Alla cena si potrà prendere parte solo su prenotazione (ci si può rivolgere già da oggi al ristorante dell’Expo o alla Pubblicitalia al numero 019.8335522). Il menù studiato per l’Expo prevede un seducente abbinamento tra il pesce fresco del Mar Ligure e i vini francesi della Loira. La cooperativa Colombo di Savona fornirà il pescato della notte tra giovedì e venerdì, portato direttamente nelle cucine della fiera. Lì lo chef Sem Greco lo preparerà insieme ai colleghi del ristorante Ossolano, agli esperti dell’Associazione Gelatieri e ai maitre dell’Ordre Des Chevaliers Bretvins. La carta prevede un aperitivo di benvenuto con gamberi scottati con spuma di Muscadet e bacon croccante, poi gli antipasti: tartare di sugarelli al profumo d’arancia, carpaccio di stoccafisso su letto di salsa pizzaiola cruda, morbido soufflé di bianchetti con “gelato” al nero di seppia. Il primo sarà una zuppetta di pescato, delicata, che incontrerà i mandilli al pesto. Come secondo Sem ha inventato il “fish and chips” alla savonese, pesce lama croccante con chips di panissa. Infine il dolce: la mousse di formaggetta di Stella con crema tiepida al Moscadet.

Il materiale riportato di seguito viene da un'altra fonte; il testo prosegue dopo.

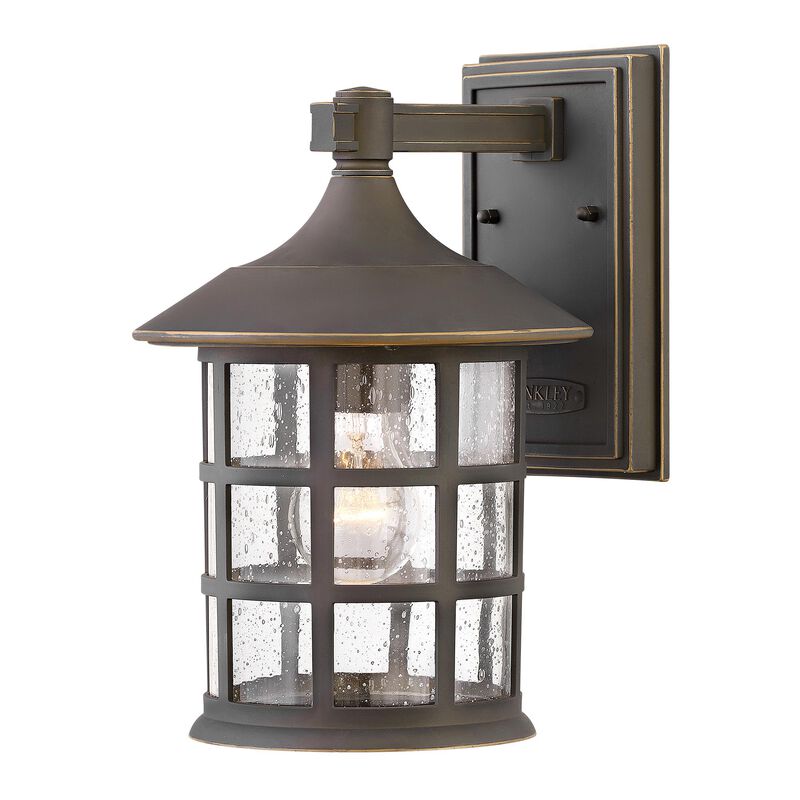 Freeport 12 Inch Outdoor Wall Light by Hinkley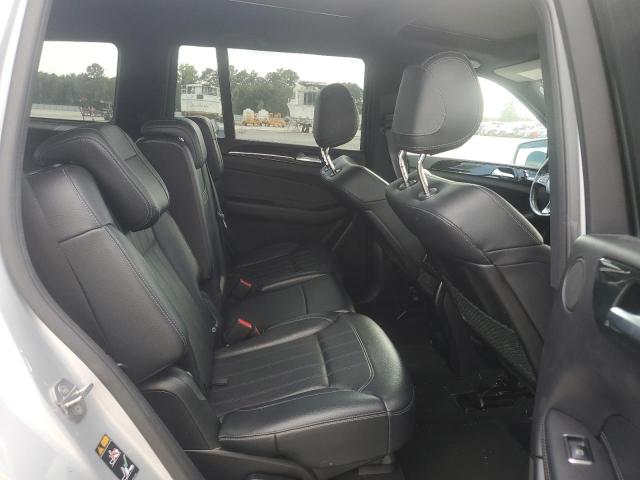 4JGDF6EE1KB237588 - 2019 MERCEDES-BENZ GLS 450 4MATIC SILVER photo 11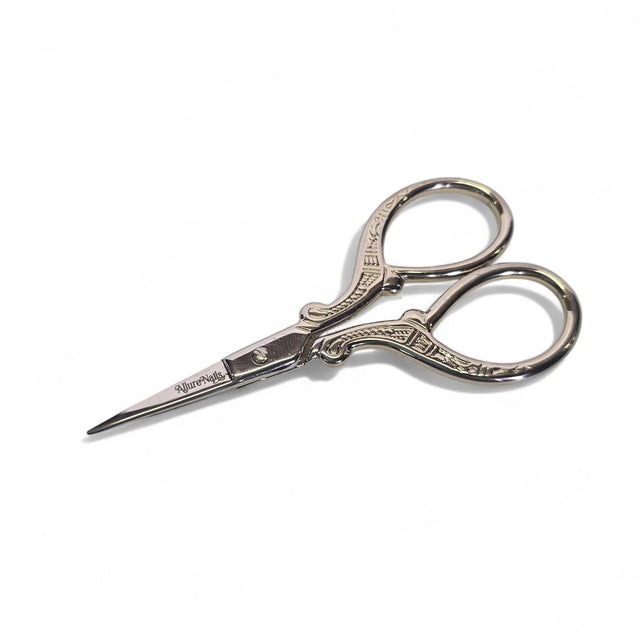 ✂️ Golden Detail Precision Scissors by Allure Nails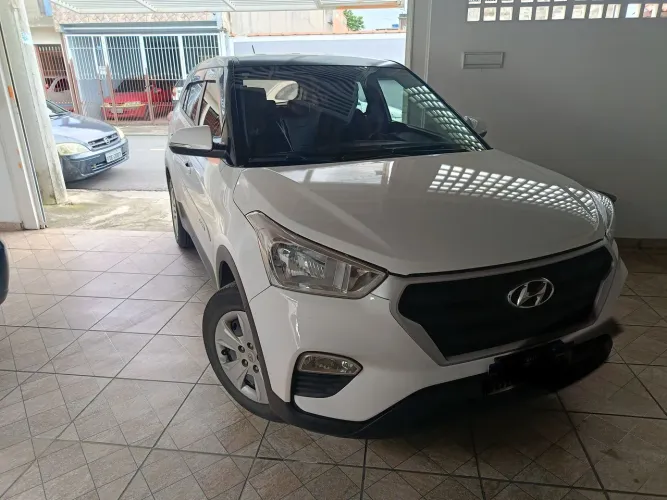 Hyundai Creta Attitude 1.6 16V Flex Aut. 2019
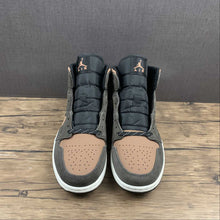 Cargar imagen en el visor de la galería, Air Jordan 1 Mid SE Dark Chocolate Crimson Bliss (2021) DC7294-200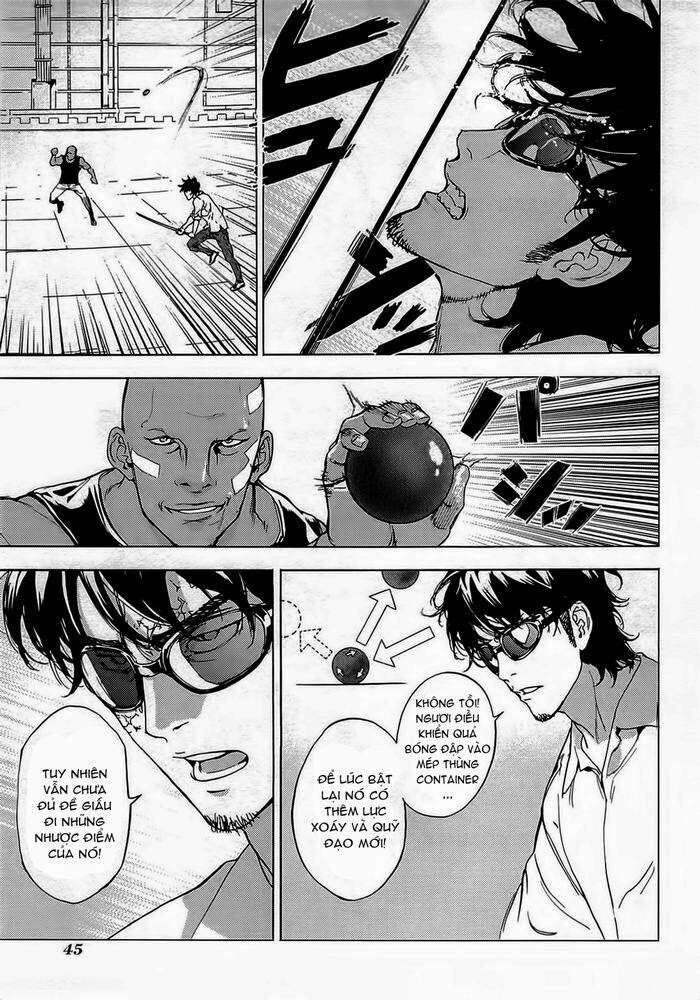 Cho Đến Khi Cái Chết Chia Lìa Đôi Ta Chapter 173 - 5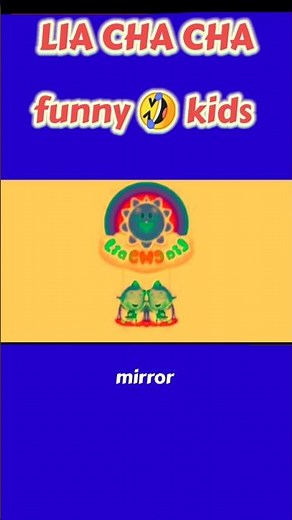 Lia Cha cha funny short sponsor by krage 2 effect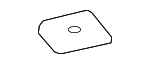 0005468502 - : Battery Terminal Cover for Mercedes-Benz Image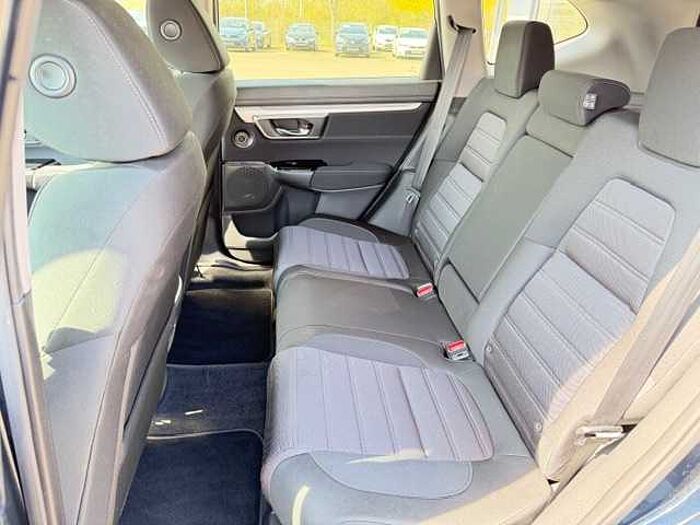 Honda CR-V Hybrid e:HEV 2.0 i-MMD 2WD Elegance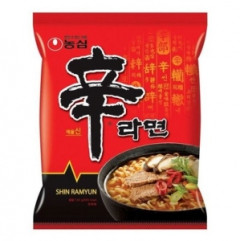 辛ラーメン美味すぎやろ
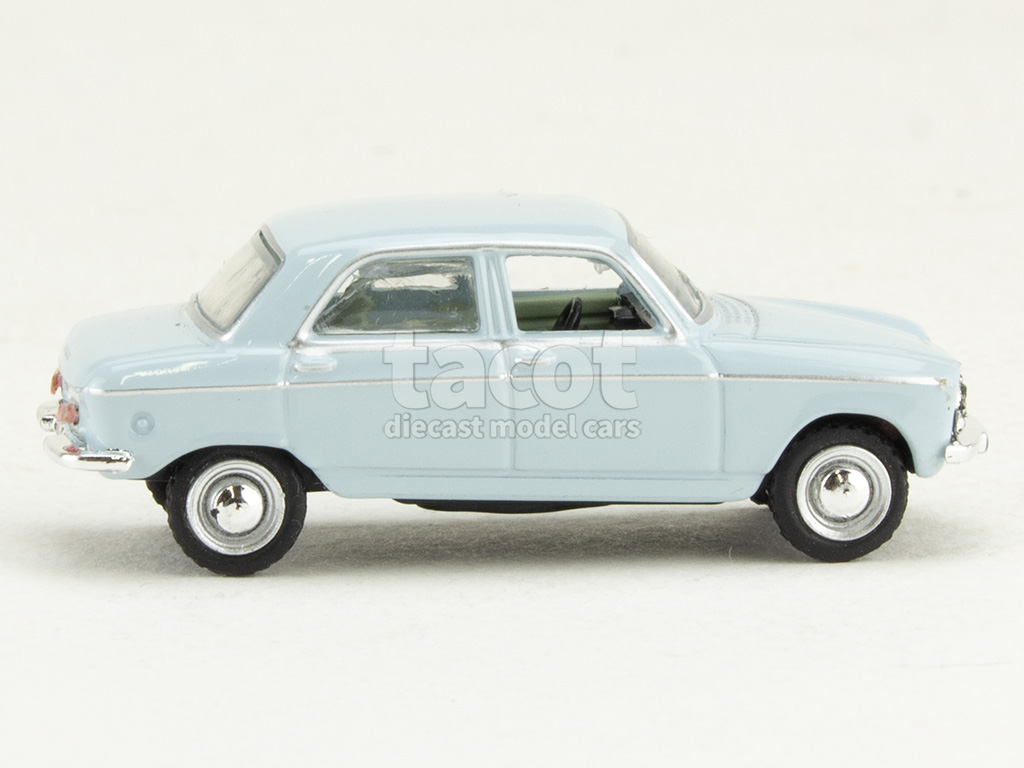 108014 Peugeot 204 1967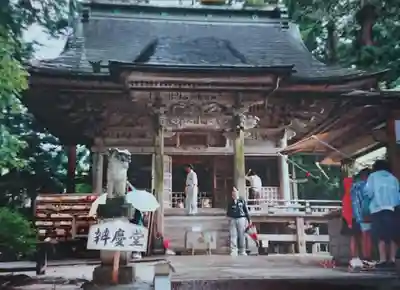 中尊寺(岩手県)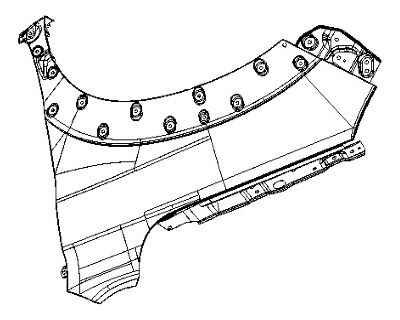 Rodamiento Hidraulico De Embrague De Jac T8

«Il prezzo sarà molto accattivante – svela Clemente -, 35 euro bevande comprese a persona e con una bottiglia di vino per quattro persone». Per agevolare anche i visitatori che volessero assaggiare le specialità ossolane del ristorante l’oraio di apertura sarà diviso in due: dalle 18,30 alle 20,30 il ristorante funzionerà come negli altri giorni, dalle 21 alle 23 sarà invece servita la cena a base di pesce, questa solo su prenotazione.

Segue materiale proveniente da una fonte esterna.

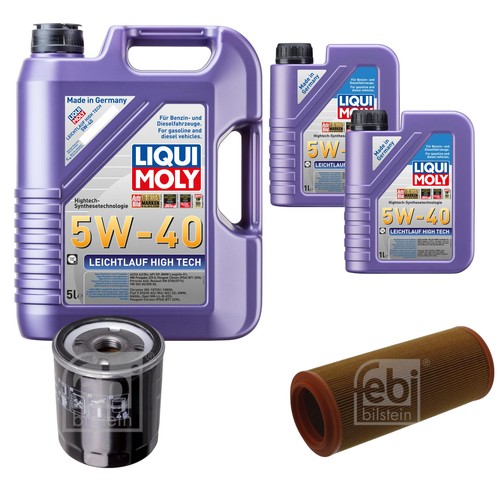 Pacchetto ispezione febi - febi, 7l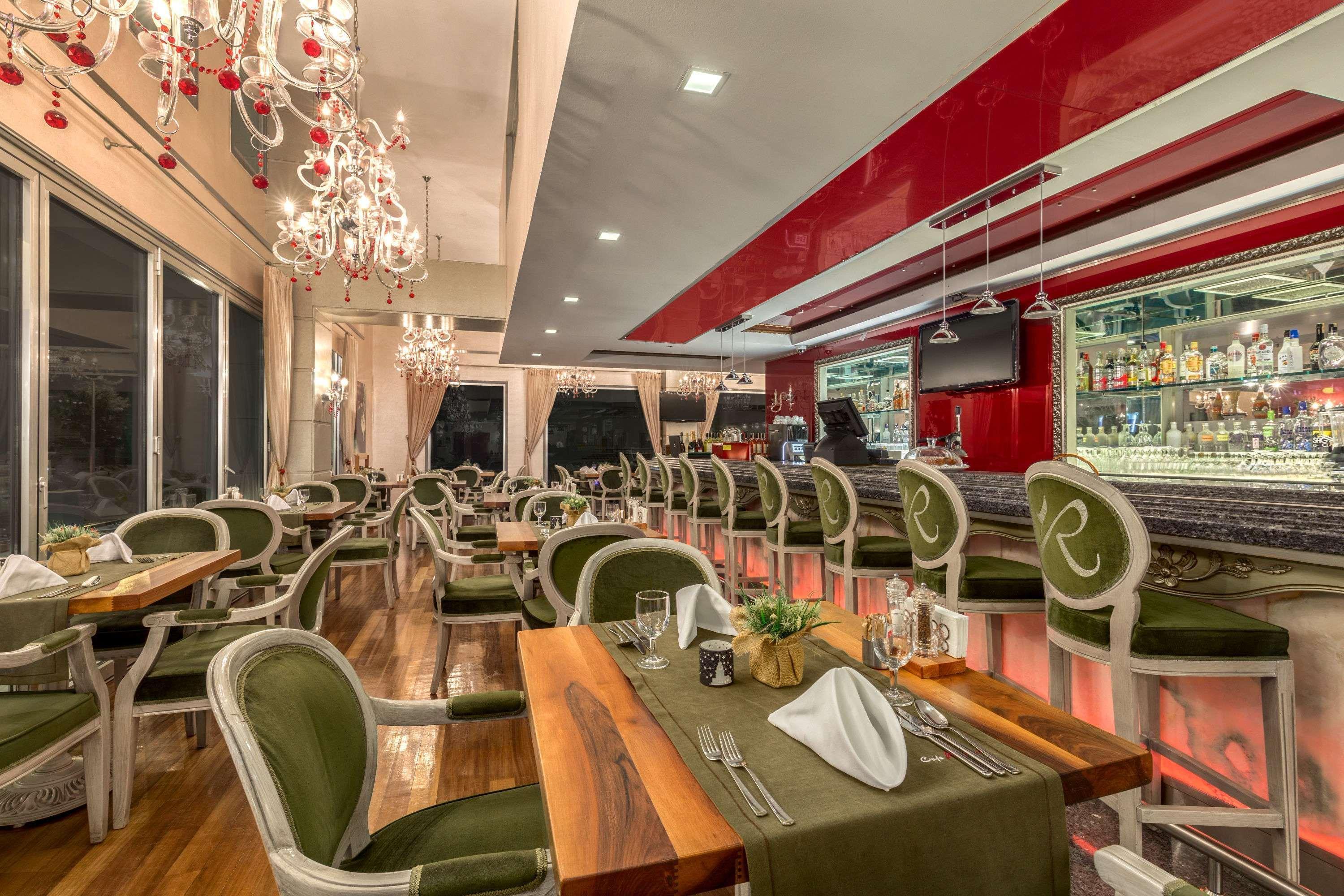 Ramada By Wyndham Ankara Hotel Bagian luar foto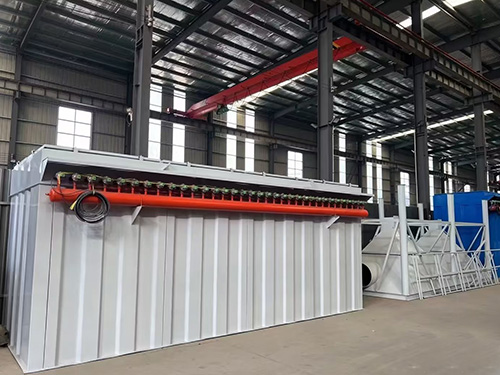 XMC型脈沖單機除塵器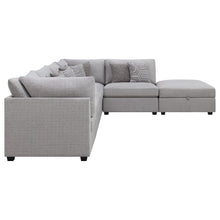 Load image into Gallery viewer, Cambria Modular Sectional Sofa
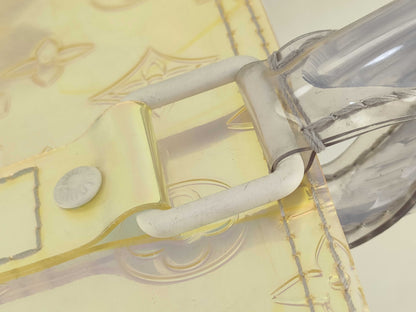 LOUIS VUITTON LV Keepall Bandouliere Prism Boston Bag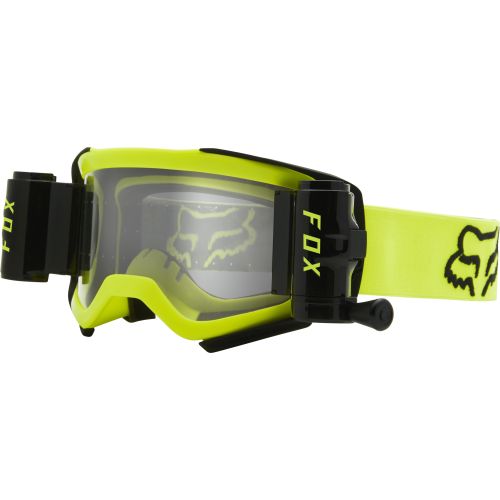 Fox Racing Airspace Stray Roll-Off MX Goggle (Closeout)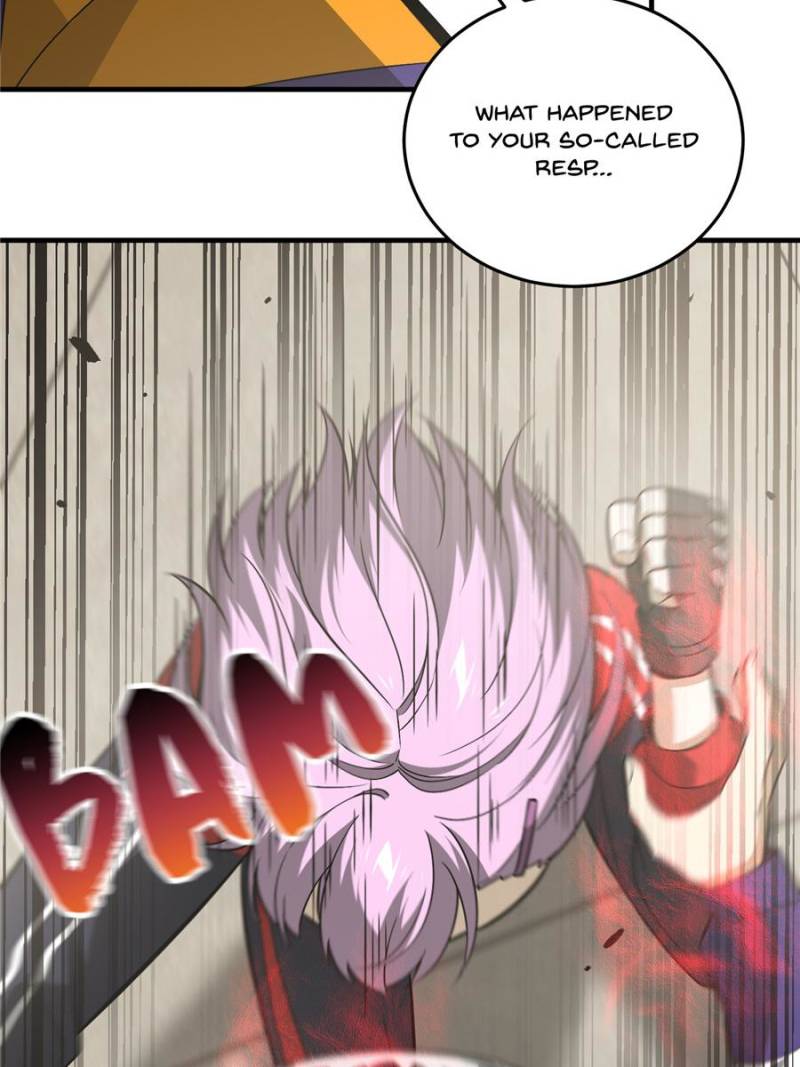 Global Martial Arts Chapter 82 page 35 - Chapter 82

Il menu proposto dagli chef del ristorante Ossolano punta su antipasti come il misto di affettati tipici, dal prosciutto crudo vigezzino al lonzino, alla bresaola affumicata, al lardo di ginepro. Passando ai primi, spiccano gli gnocchi: di castagne con sugo di gorgonzola e pomodoro, vigezzini, con speck e burro nostrano, e all’alpina, con funghi porcini, aglio, olio e peperoncino. Il menu prevede poi anche risotti ai funghi e penne all’arrabbiata. Una vasta scelta di verdure accompagna poi i secondi di carne: dal carpaccio di manzo rucola e grana, alla reale di vitello al forno, alle scaloppine con funghi porcini vigezzini.